> Assigned task: In your copy, repeat the records exactly and leave out the pictures.

> Supplied data:

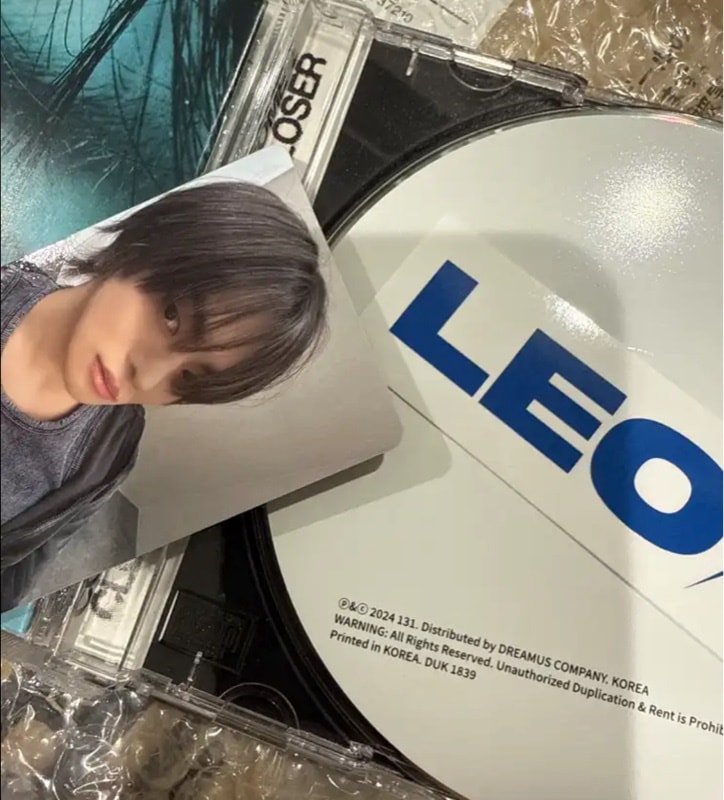 leo comecloser イ リオ ボイプラ　ソロアルバム　CD 新品未開封 LEO Come Closer CD 新品未開封 ボイプラ2 イリオ - メルカリ
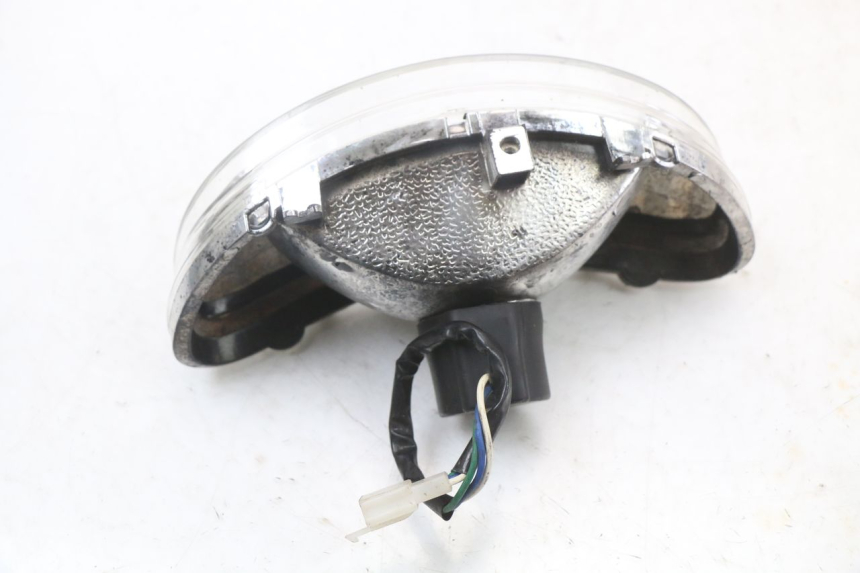 photo de HEADLIGHT BAOTIAN TRAVEL SPIRIT 50 (2010 - 2012) - Technical close-up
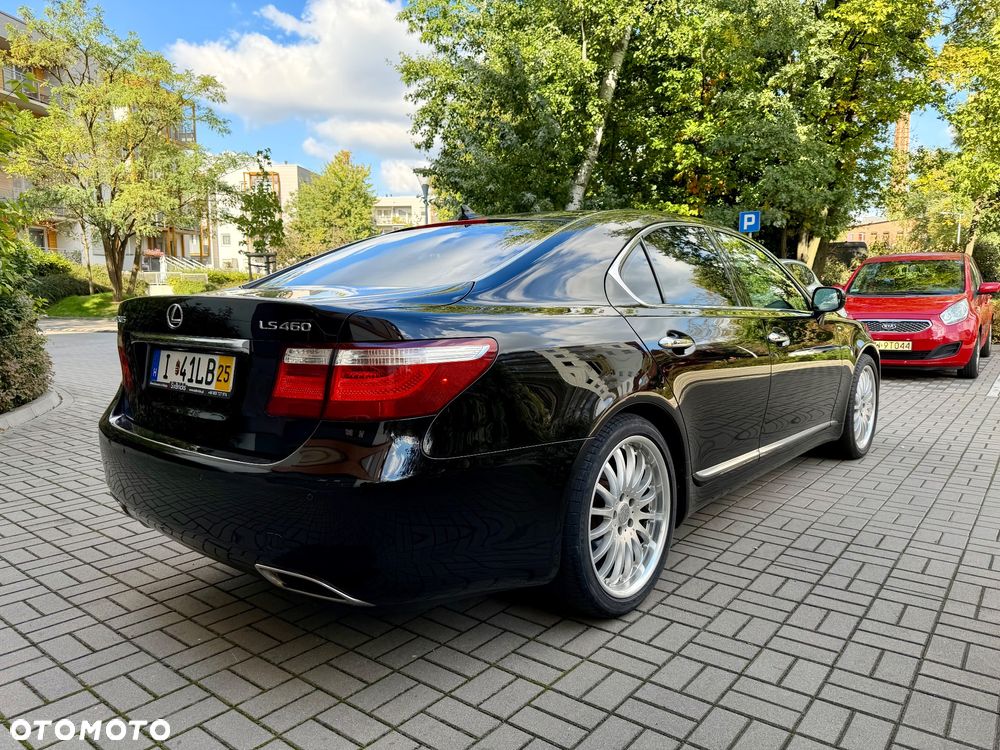 Lexus LS 460 Dynamic Line - 4
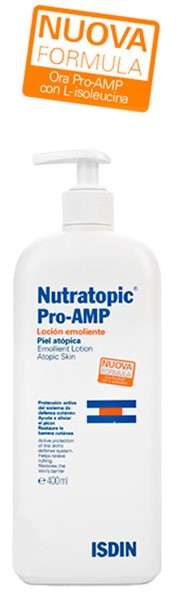 

Nutratopic Pro-Amp Isdin 400ml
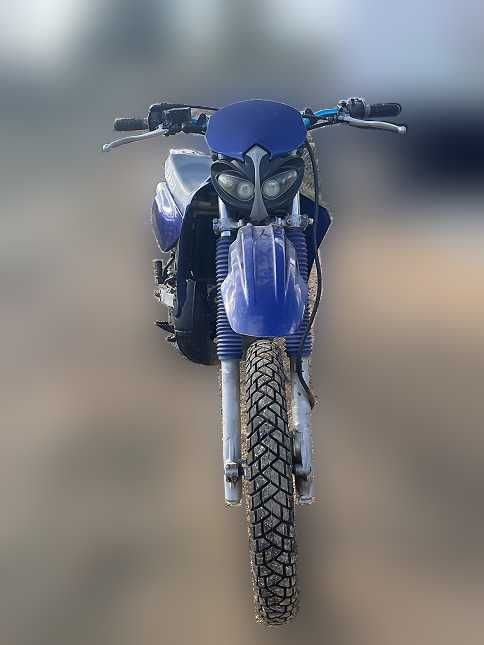 YAMAHA DTR125 16.9kW de 1998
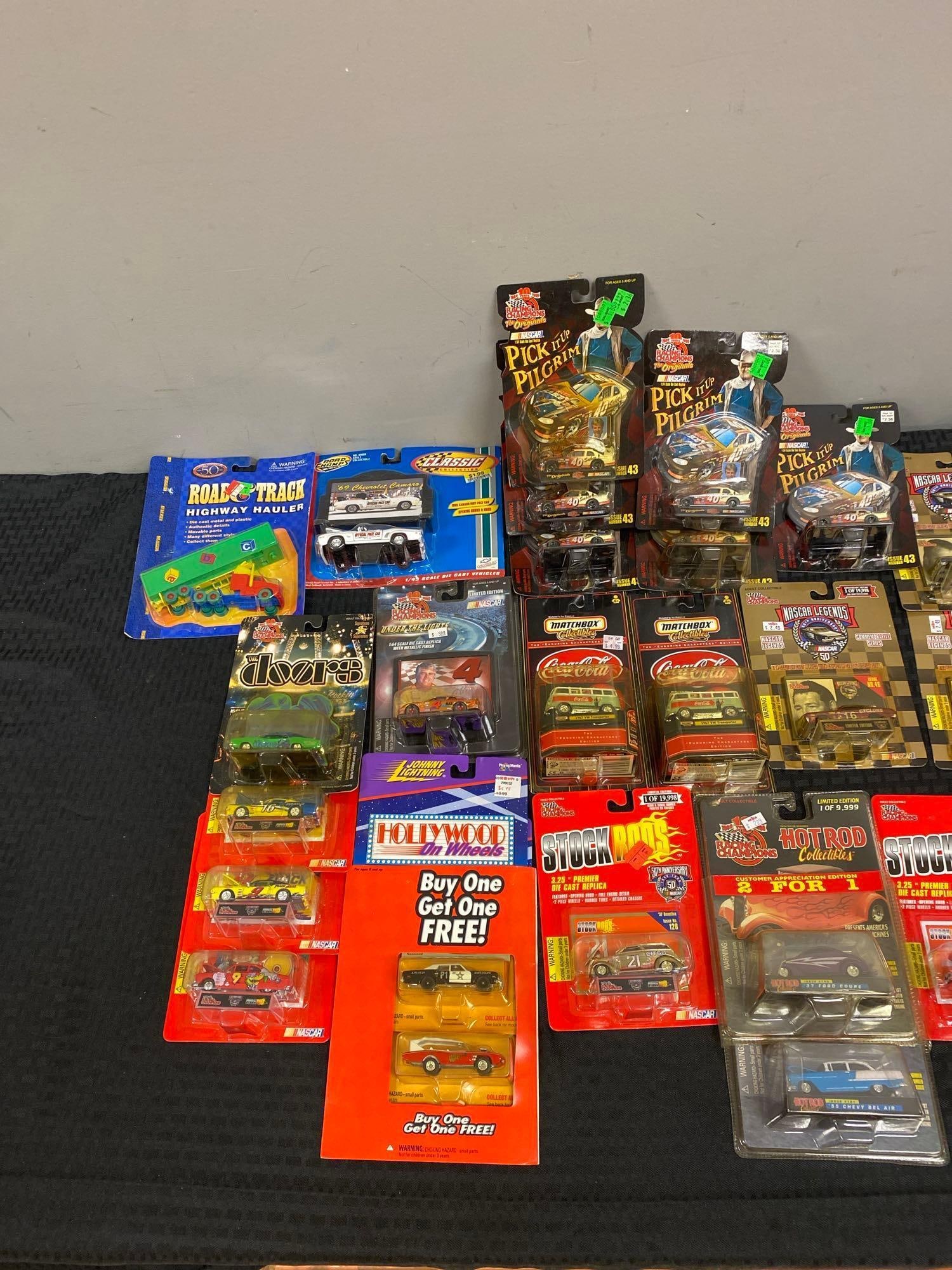 Assorted Matchbox Cars - 2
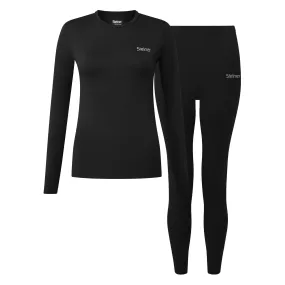 Steiner Womens Soft-Tec Active Thermal Set Black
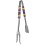 LSU Tigers BBQ Tool 3-in-1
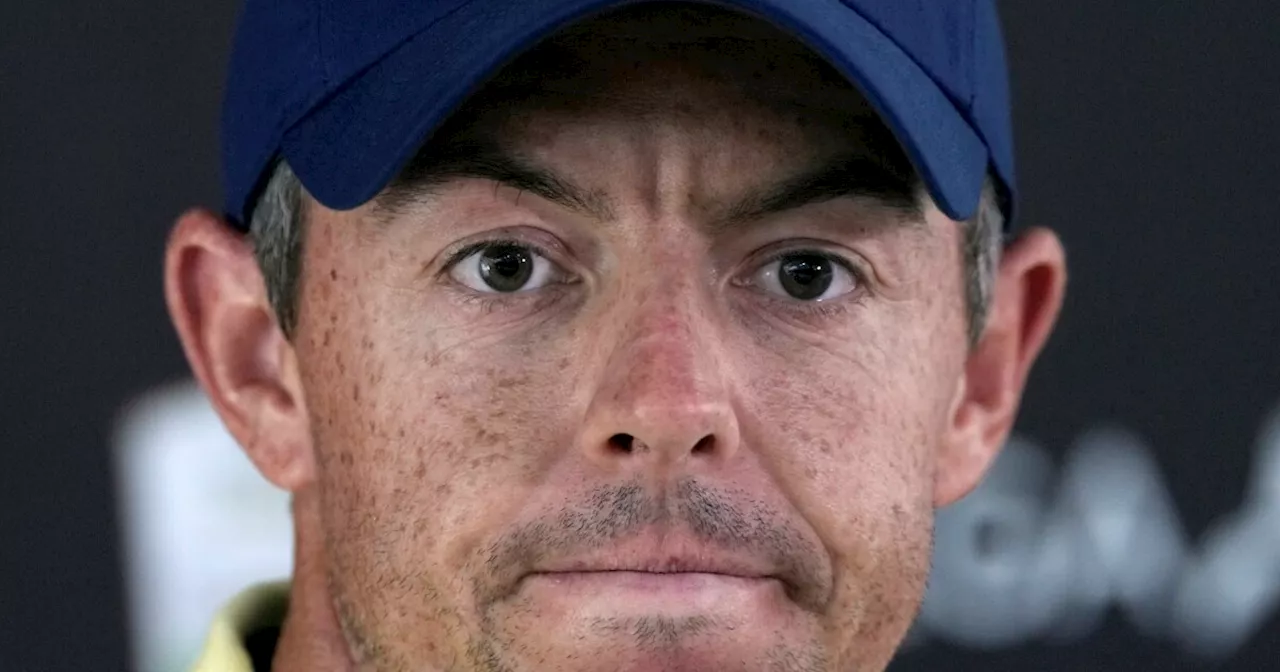 Rory McIlroy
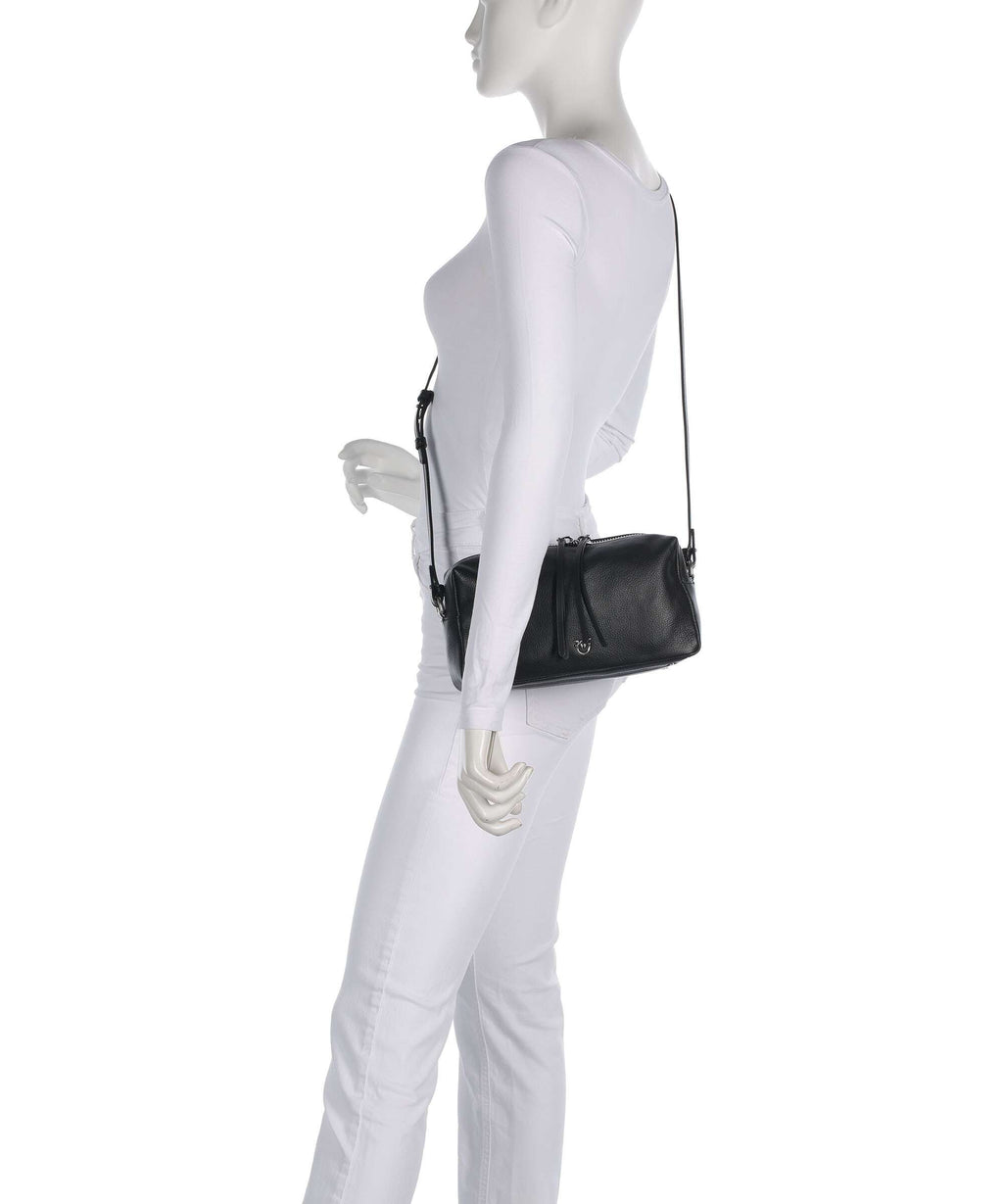 Pinko Shoulder bag nero/old silver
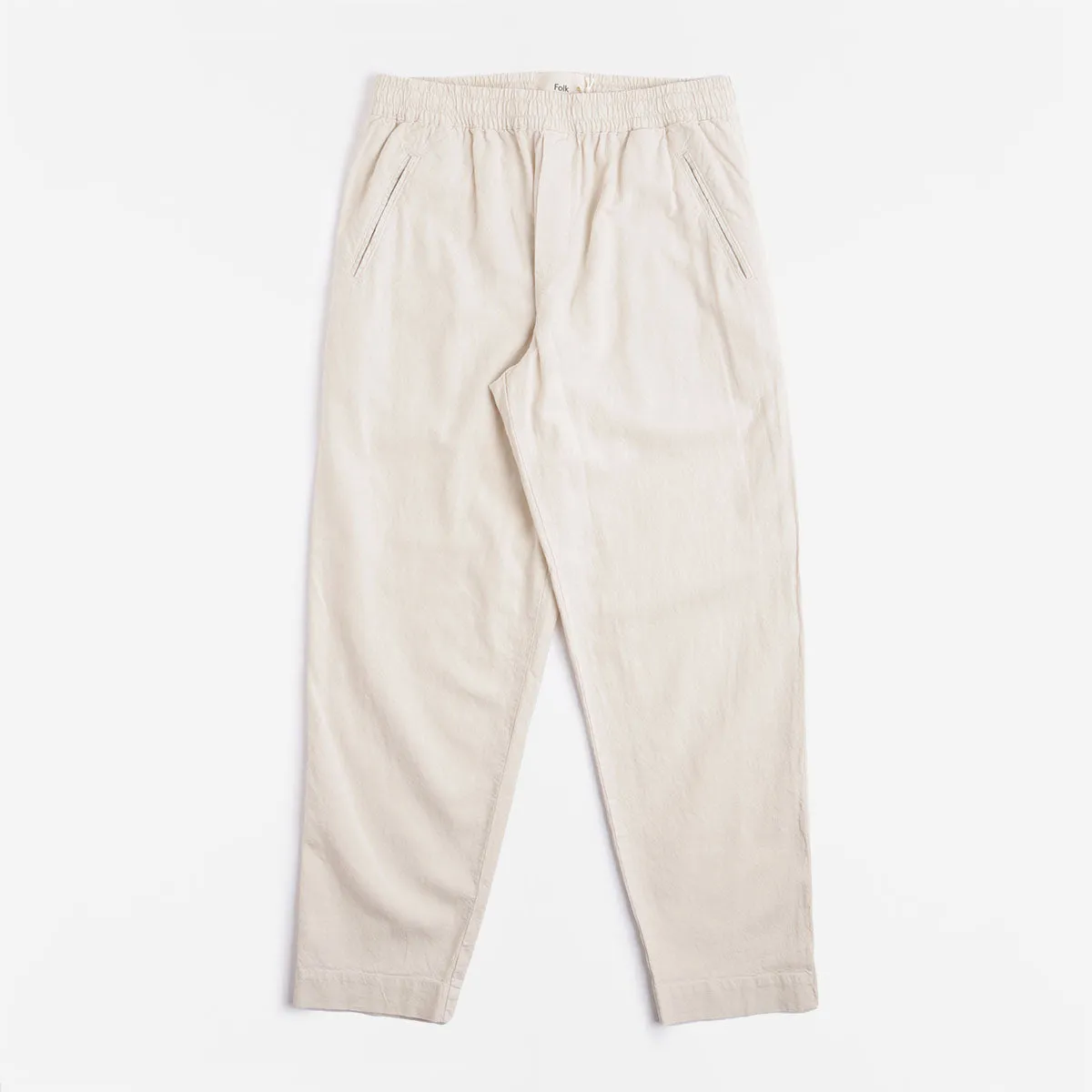 Folk Drawcord Assembly Pant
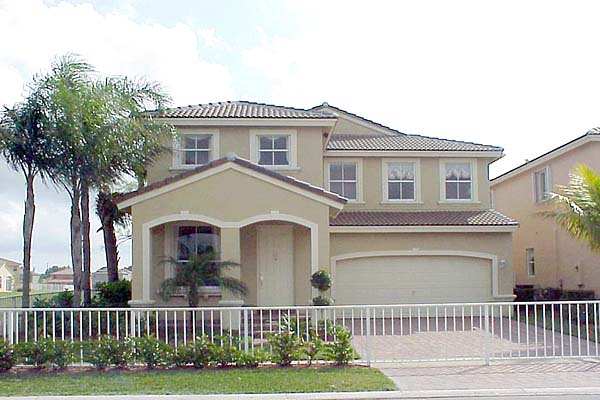 Model Tequesta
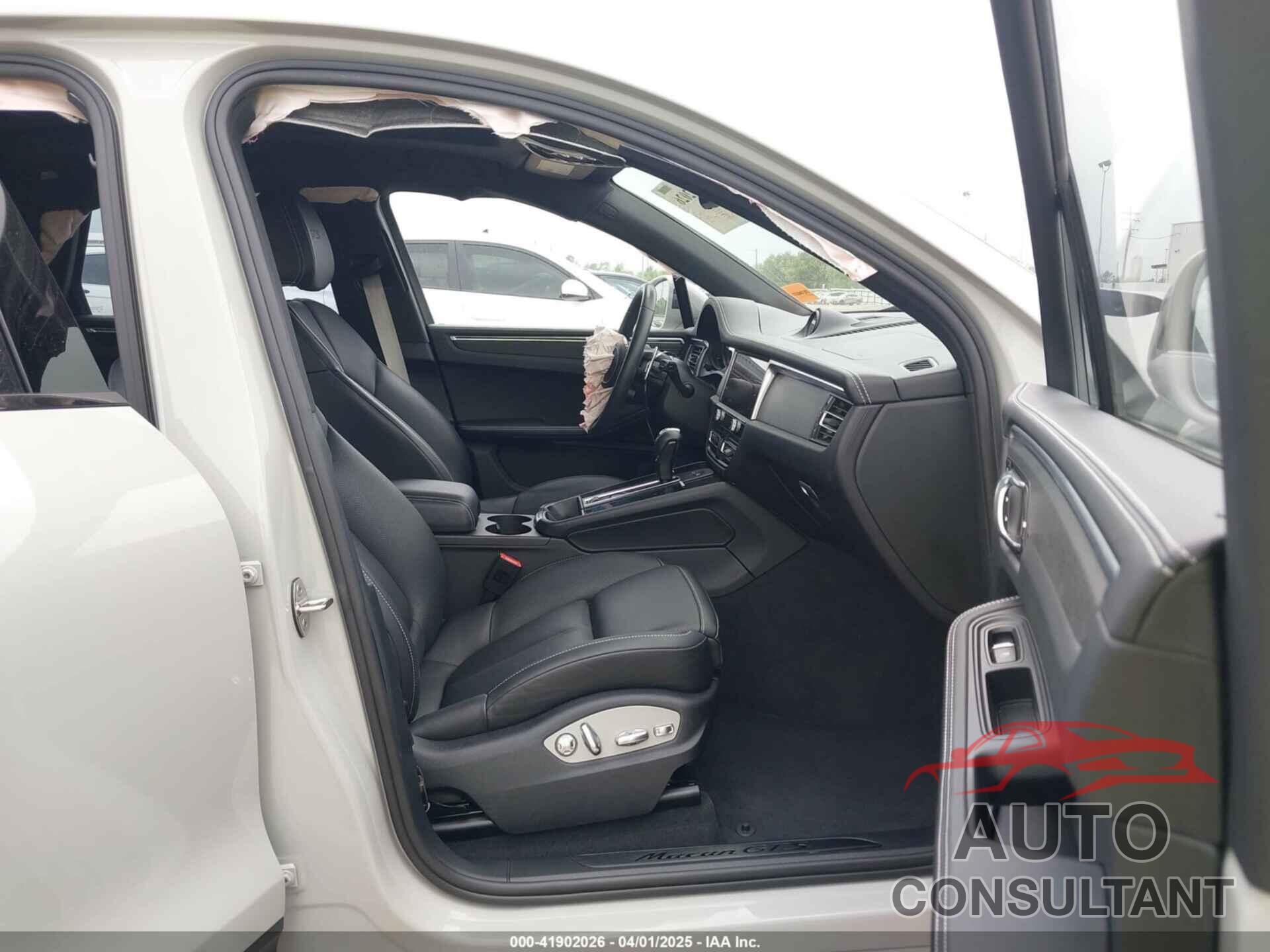 PORSCHE MACAN 2022 - WP1AF2A53NLB31162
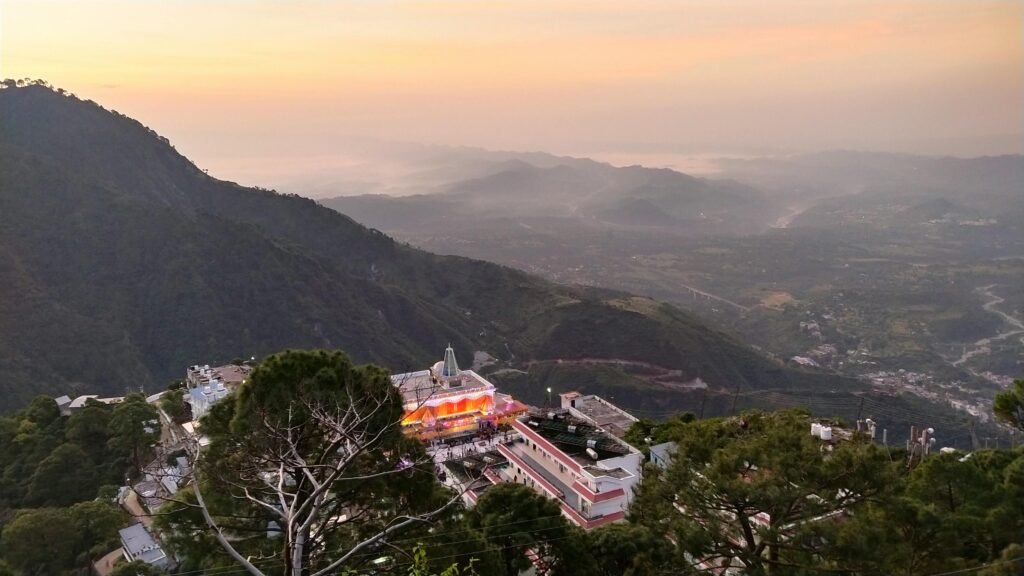 vaishno mata yatra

> Written answer:
 leo comecloser イ リオ ボイプラ　ソロアルバム　CD 新品未開封 LEO Come Closer CD 新品未開封 ボイプラ2 イリオ - メルカリ
 photo de HEADLIGHT BAOTIAN TRAVEL SPIRIT 50 (2010 - 2012) - Technical close-up
 Lexus LS 460 Dynamic Line - 4

Nutratopic Pro-Amp Isdin 400ml
 YAMAHA DTR125 16.9kW de 1998
 Assorted Matchbox Cars - 2
 Steiner Womens Soft-Tec Active Thermal Set Black
 LSU Tigers BBQ Tool 3-in-1
 Rory McIlroy
 Pinko Shoulder bag nero/old silver
 Folk Drawcord Assembly Pant
 Model Tequesta
 PORSCHE MACAN 2022 - WP1AF2A53NLB31162
 vaishno mata yatra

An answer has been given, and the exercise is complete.